Now let's add a sentence and infer it to a vector in order to feed it to our model. 

In [8]:
# Create new sentence and vectorize it. 
new_sentence = "this is a new sentence".split(" ")
new_sentence_vectorized = model.infer_vector(new_sentence)

# Calculate cosine similarity. 
similar_sentences = model.docvecs.most_similar(positive=[new_sentence_vectorized])

In [9]:
similar_sentences

[(0, 0.7291395664215088),
 (17, 0.7216114401817322),
 (10, 0.7141540050506592),
 (7, 0.6756813526153564),
 (6, 0.6751018762588501),
 (14, 0.6680215001106262),
 (13, 0.667238712310791),
 (5, 0.6636887788772583),
 (18, 0.6495362520217896),
 (62, 0.6347824335098267)]

## The Results
To visualize our results we will use pandas to convert the output to a data frame so it will make our output pretty much meaningful.

In [10]:
import pandas as pd

# Output
output = []
for i, v in enumerate(similar_sentences):
    index = v[0]
    output.append([common_texts_pre[index], v[1]])

pd.DataFrame(output, columns=["common_texts", "cosine_similarity"])

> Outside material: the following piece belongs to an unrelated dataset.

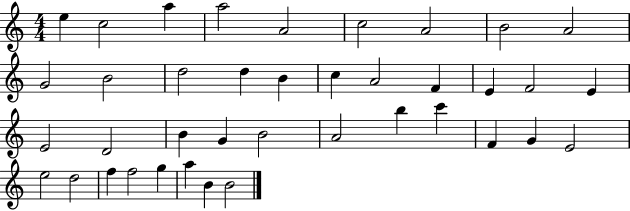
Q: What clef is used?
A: treble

Unnamed: 0,common_texts,cosine_similarity
0,In this paper we develop a Bayesian nonparamet...,0.72914
1,"In this paper, we consider the adaptation of t...",0.721611
2,Human action recognition is an important compo...,0.714154
3,Facial expression recognition is an active are...,0.675681
4,"The Restricted Boltzmann Machine (RBM), a spec...",0.675102
5,Activities capture vital facts for the semanti...,0.668022
6,This paper proposes a neurobiology-based exten...,0.667239
7,"In this paper, we proposed a deep convolutiona...",0.663689
8,Association is widely used to find relations a...,0.649536
9,Building one's vocabulary in a language is an ...,0.634782


## Conclusion
That's pretty much it for this tutorial. Now you have your model that you can deploy and make more useful projects.